Saturday, April 16, 2016

Database Scaling Jargons

If you are in IT then no matter what you do (develop, deploy or maintain applications), you would have seen database issues. And wherever I see database issues, there comes a jargon of database scaling terms which are thrown on them. Most of them mean the same thing others are nowhere near the problem they are trying to address.

Let’s understand few terms listed below:-
  1. Scale Up vs Scale Out
  2. Horizontal vs Vertical Scaling
  3. Horizontal vs Vertical Partitioning
  4. Sharding
Database Scaling is like a bouncer in a bar. Either you need one strong one or multiple to handle the rowdy crowd. Not sure where I got this analogy from but I like it so I am keeping it :) Below is the explanation.

So with this in mind, let's understand few terms which are not so different to each other like Scale Up vs Horizontal Scaling and Scale out vs Vertical scaling. 
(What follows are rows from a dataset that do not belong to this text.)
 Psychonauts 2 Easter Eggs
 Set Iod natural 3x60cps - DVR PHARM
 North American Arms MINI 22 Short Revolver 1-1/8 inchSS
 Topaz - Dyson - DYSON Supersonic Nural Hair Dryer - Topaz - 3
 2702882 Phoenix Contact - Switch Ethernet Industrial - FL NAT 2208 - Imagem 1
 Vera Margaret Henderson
Scale Up or Vertical Scaling means buying bigger boxes for your database with more memory and processing power. While this works, you might pay four to five times what you paid for your previous solution, and you’ll only get twice the performance. 

Pros:-
  • Less power consumption than running multiple servers
  • Cooling costs are less than scaling horizontally
  • Generally less challenging to implement
  • Less licensing costs
  • (sometimes) uses less network hardware than scaling horizontally (this is a whole different topic that we can discuss later)

Cons:-
  • PRICE, PRICE, PRICE
  • Greater risk of hardware failure causing bigger outages
  • generally severe vendor lock-in and limited upgradeability in the future 




On the other hand Scale Out or Horizontal Scaling means adding more servers with less processors and RAM. This is usually cheaper overall and can theoretically scale infinitely. 

Pros:-
  • Much cheaper than scaling vertically
  • Easier to run fault-tolerance
  • Easy to upgrade

Cons:-
  • More licensing fees
  • Bigger footprint in the Data Center
  • Higher utility cost (Electricity and cooling)
  • Possible need for more networking equipment (switches/routers)
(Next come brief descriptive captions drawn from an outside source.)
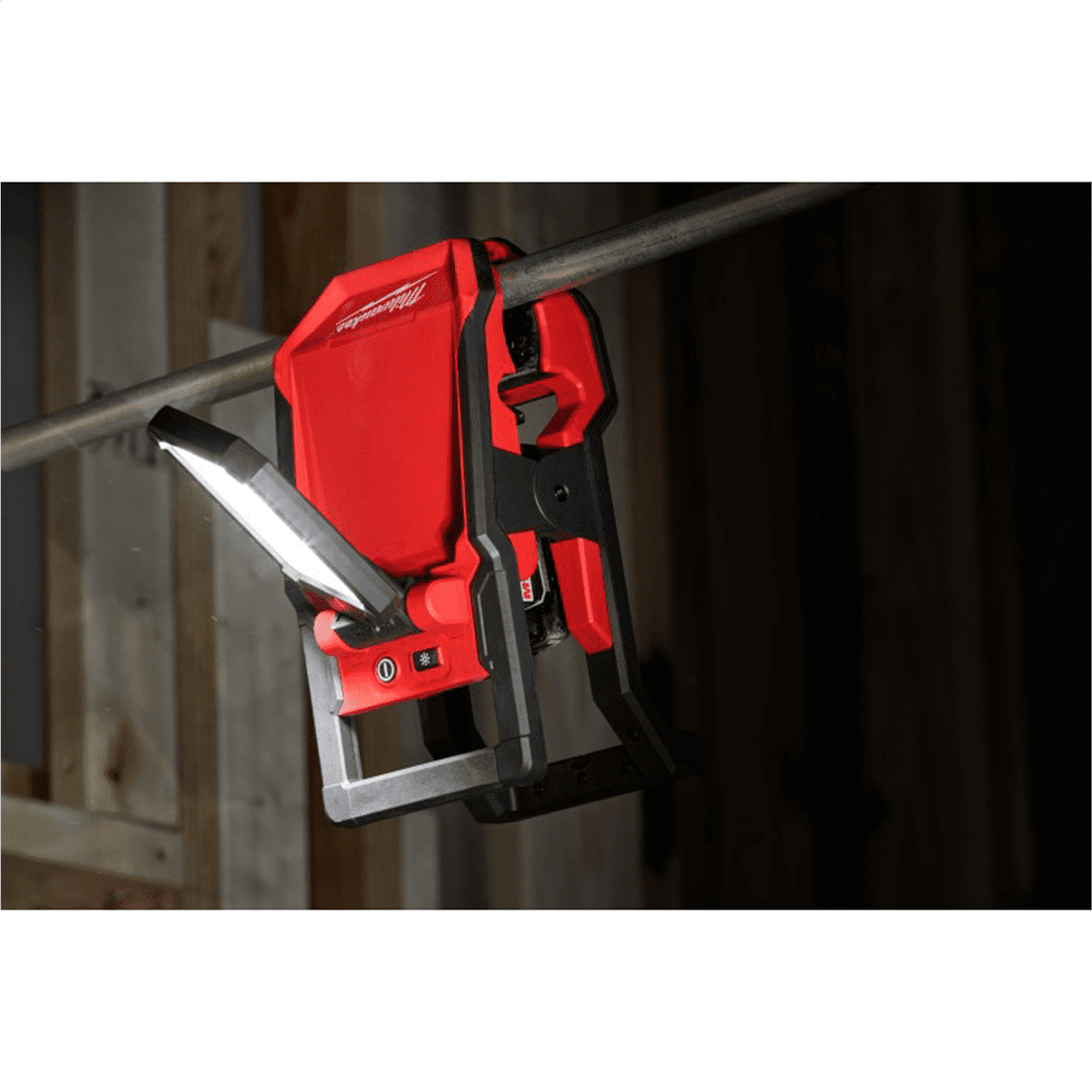 Milwaukee Tool M18 ROVER Clamping Flood Light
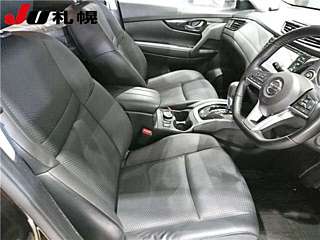 NISSAN X-TRAIL 2020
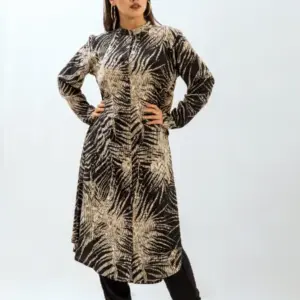 Casual Shirt- Willow Leaf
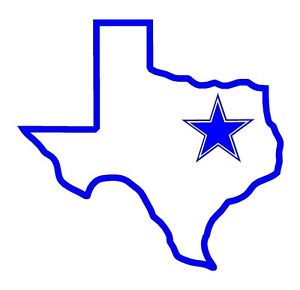 Dallas Cowboys Clipart at GetDrawings | Free download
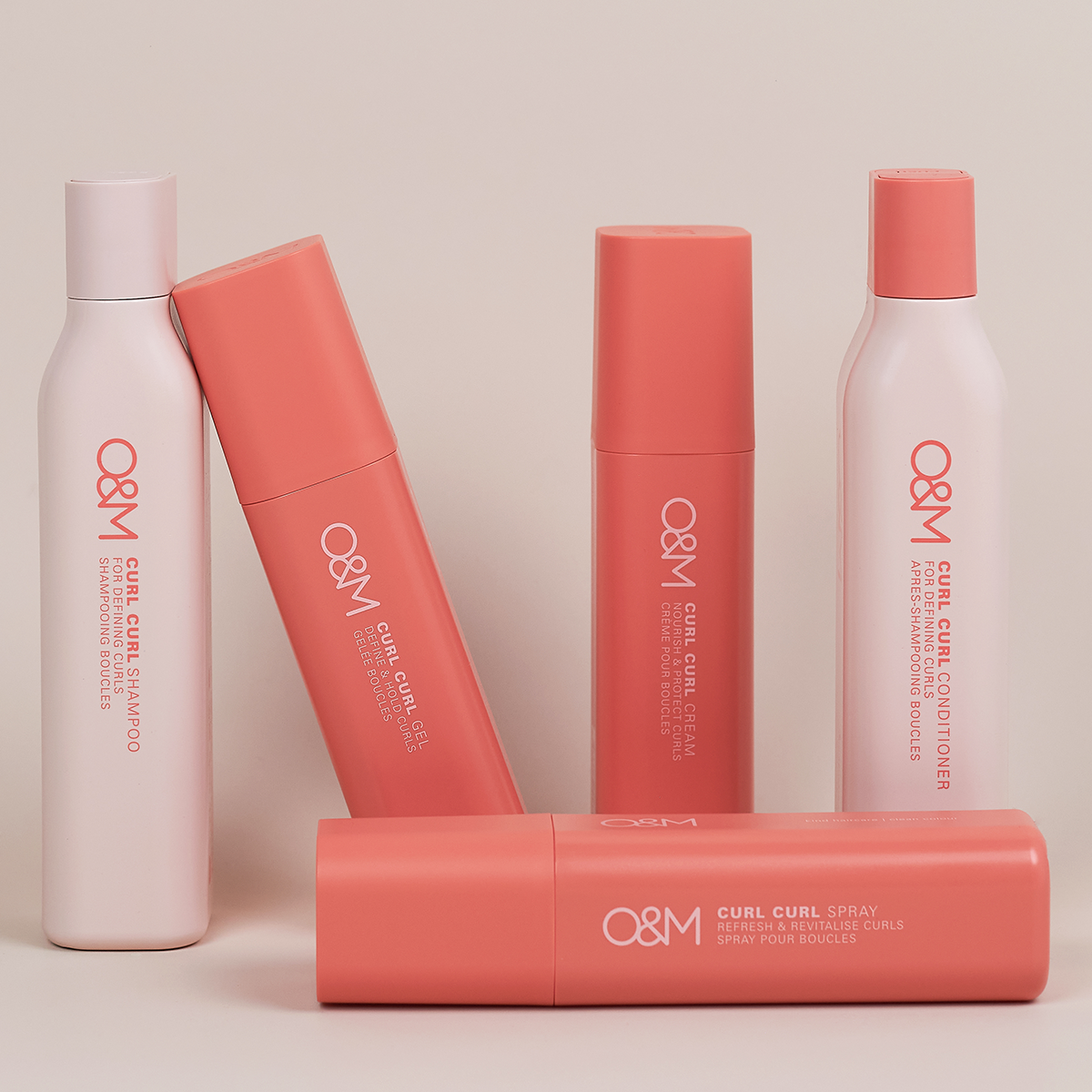 Original & Mineral - Curl Curl Cream
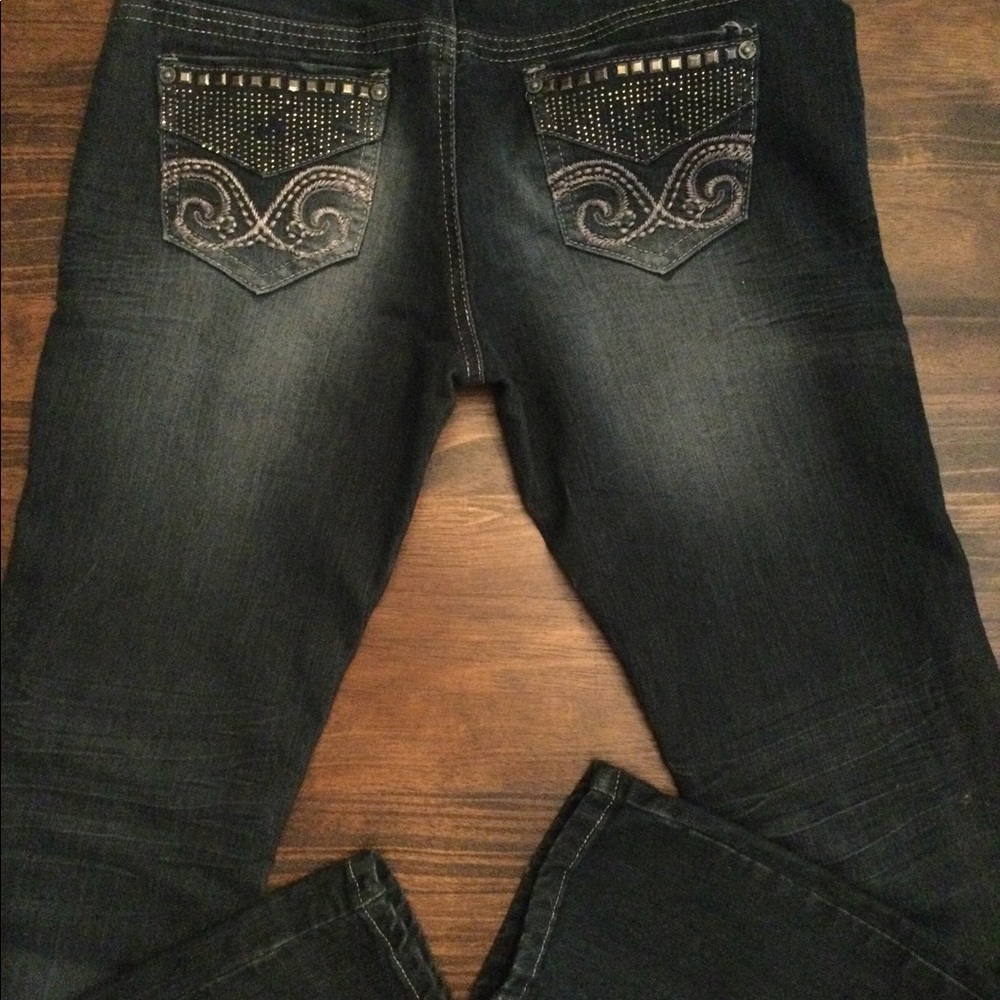 🇺🇸PREMIERE Denim Jeans - Picture 2 of 2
Horizontal Vs Vertical Partitioning


There are two different methodologies to deal with same issues but requires change in database schema. Below is what we do in these:-

Horizontal Partitioning

Horizontal partitioning divides a table into multiple tables. Each table then contains the same number of columns, but fewer rows. For example, a table that contains 1 billion rows could be partitioned horizontally into 12 tables, with each smaller table representing one month of data for a specific year. Any queries requiring data for a specific month only reference the appropriate table.
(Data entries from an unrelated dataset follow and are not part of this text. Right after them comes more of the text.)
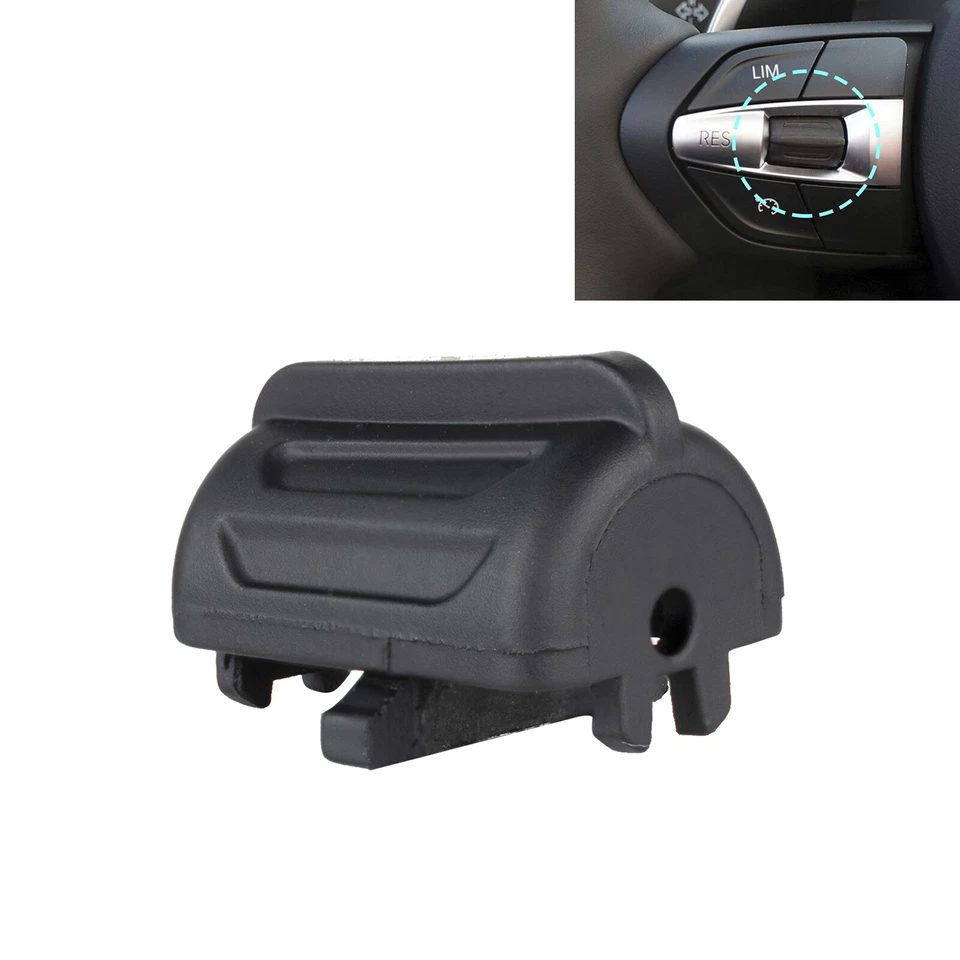Left Steering Wheel Cruise Control Knob Button for BMW F31 F30 F10 F20 M sports - Image 2 of 4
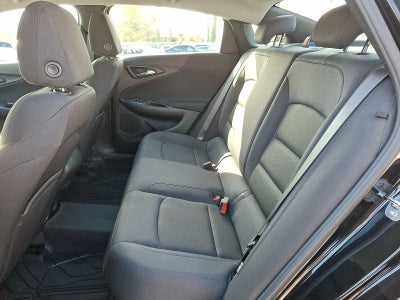 2022 Chevrolet Malibu 4dr Sdn LS w/1LS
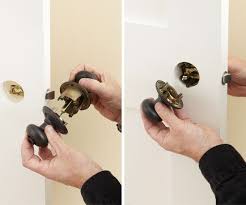 How To Change A Doorknob Quickly For An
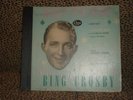 BING CROSBY MERRY CHRISTMAS DECCA 4 RECORD SET-78'S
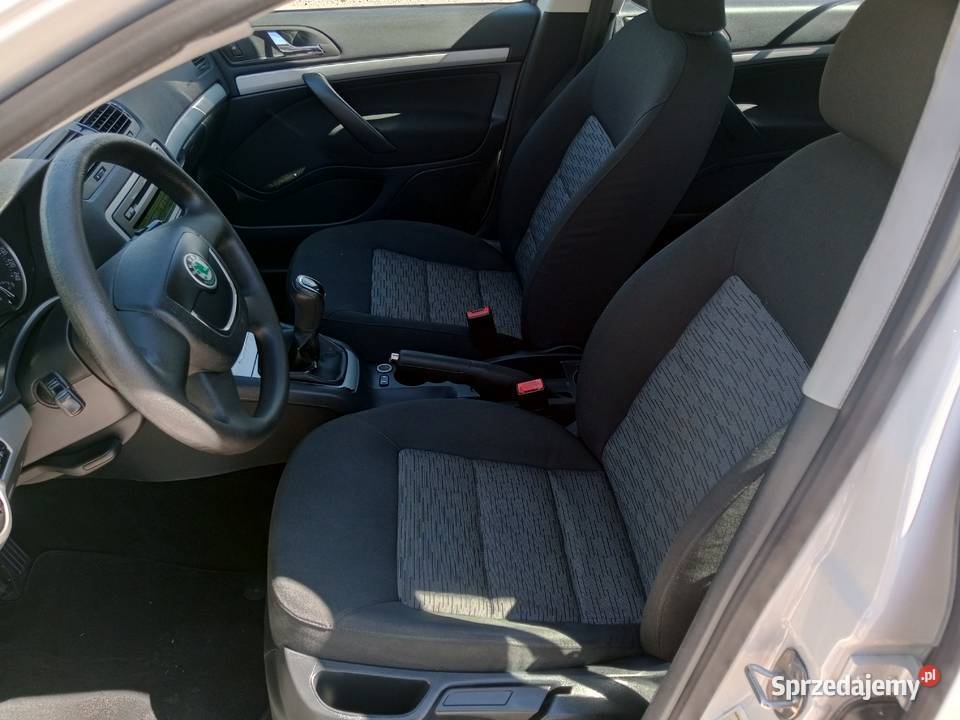 Skoda Octavia II 16 Diesel 105 Nowe wtryski lubelskie Zamość sprzedam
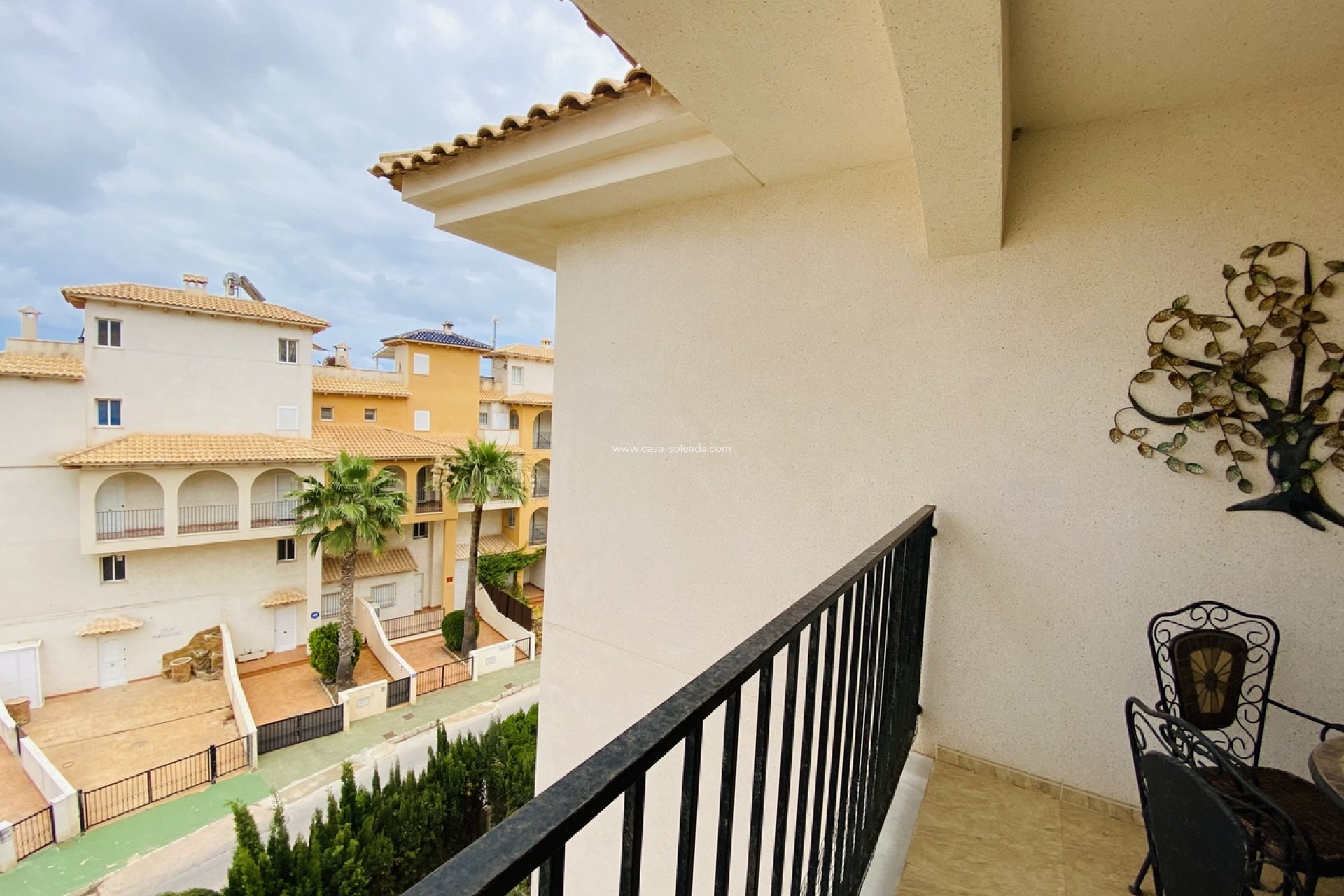 Herverkoop - Appartement / flat - Dehesa De Campoamor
This is also called Sharding.  There are some arguments that Horizontal partitioning is not exactly Sharding but underlying idea is same but just when you use a reference of keys to identify which partition will hold the data. That is Sharding. Below picture explains what I am trying to say.




Vertical Partitioning

Vertical partitioning divides a table into multiple tables that contain fewer columns. The two types of vertical partitioning are normalization and row splitting:
  • Normalization is the standard database process of removing redundant columns from a table and putting them in secondary tables that are linked to the primary table by primary key and foreign key relationships.
  • Row splitting divides the original table vertically into tables with fewer columns. Each logical row in a split table matches the same logical row in the other tables as identified by a UNIQUE KEY column that is identical in all of the partitioned tables. For example, joining the row with ID 712 from each split table re-creates the original row.

Like horizontal partitioning, vertical partitioning lets queries scan less data. This increases query performance. For example, a table that contains seven columns of which only the first four are generally referenced may benefit from splitting the last three columns into a separate table. Below picture explain vertical portioning.


Database scaling could be fun to solve but before you ever get into resolving the issue, you should first understand the underlying problem with your database. Lot of database performance issues can really be dealt with by fixing your schema and fine tuning your queries. 

 Once you get this right and you still have issues, then you further need to perform in depth analysis of why your performance is getting a hit. Do you need a more writes than read. Is your queries processor intensive or high in numbers? All these answers will help you to choose the right scaling option for your database.

Hope you would have found this interesting. I surely enjoyed writing this :)